__GIVEN DATA__.
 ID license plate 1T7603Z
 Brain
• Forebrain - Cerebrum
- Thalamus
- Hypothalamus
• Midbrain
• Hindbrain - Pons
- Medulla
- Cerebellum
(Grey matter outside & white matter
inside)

...

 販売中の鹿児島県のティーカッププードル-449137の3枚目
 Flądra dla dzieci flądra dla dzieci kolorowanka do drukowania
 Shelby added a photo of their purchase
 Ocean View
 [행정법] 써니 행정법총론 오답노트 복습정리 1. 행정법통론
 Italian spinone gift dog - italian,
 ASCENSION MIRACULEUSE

__TO DO__.
What is asked for is an exact copy of the lines above from the one containing "販売中の鹿児島県のティーカッププードル-449137の3枚目" through the one containing "ASCENSION MIRACULEUSE", and only those.

__TASK RESULT__.
 販売中の鹿児島県のティーカッププードル-449137の3枚目
 Flądra dla dzieci flądra dla dzieci kolorowanka do drukowania
 Shelby added a photo of their purchase
 Ocean View
 [행정법] 써니 행정법총론 오답노트 복습정리 1. 행정법통론
 Italian spinone gift dog - italian,
 ASCENSION MIRACULEUSE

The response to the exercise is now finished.